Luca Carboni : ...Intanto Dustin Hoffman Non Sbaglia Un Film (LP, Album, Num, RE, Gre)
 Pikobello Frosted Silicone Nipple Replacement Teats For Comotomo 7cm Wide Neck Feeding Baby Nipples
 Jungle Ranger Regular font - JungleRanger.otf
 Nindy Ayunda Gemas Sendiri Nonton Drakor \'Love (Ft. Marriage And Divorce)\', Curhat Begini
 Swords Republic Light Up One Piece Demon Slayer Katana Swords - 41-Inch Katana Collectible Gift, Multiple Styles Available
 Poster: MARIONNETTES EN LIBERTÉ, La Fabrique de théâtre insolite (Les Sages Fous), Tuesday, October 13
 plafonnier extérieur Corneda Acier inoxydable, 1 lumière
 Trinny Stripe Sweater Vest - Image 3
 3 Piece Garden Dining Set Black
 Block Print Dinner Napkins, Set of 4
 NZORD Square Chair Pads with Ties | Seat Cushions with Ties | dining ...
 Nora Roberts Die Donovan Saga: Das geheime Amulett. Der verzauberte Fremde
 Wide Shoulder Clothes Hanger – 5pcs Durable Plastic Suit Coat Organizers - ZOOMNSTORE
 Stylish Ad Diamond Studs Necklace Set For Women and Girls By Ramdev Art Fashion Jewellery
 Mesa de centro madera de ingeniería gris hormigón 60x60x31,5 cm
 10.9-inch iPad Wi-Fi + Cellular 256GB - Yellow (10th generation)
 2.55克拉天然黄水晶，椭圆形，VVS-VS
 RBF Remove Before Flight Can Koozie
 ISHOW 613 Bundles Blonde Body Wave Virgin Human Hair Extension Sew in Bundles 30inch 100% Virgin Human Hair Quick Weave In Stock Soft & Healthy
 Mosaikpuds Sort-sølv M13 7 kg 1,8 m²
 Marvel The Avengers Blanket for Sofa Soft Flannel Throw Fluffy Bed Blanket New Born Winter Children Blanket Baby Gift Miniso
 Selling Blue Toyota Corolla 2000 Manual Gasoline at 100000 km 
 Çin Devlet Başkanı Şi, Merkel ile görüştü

━━━

» **TASK GOAL**
When the line with "Pikobello Frosted Silicone" is reached in the data above, begin copying, and stop after the line with "Nindy Ayunda Gemas"; copy each line exactly, both ends included.

» **ANSWER FOR THE TASK**
 Pikobello Frosted Silicone Nipple Replacement Teats For Comotomo 7cm Wide Neck Feeding Baby Nipples
 Jungle Ranger Regular font - JungleRanger.otf
 Nindy Ayunda Gemas Sendiri Nonton Drakor \'Love (Ft. Marriage And Divorce)\', Curhat Begini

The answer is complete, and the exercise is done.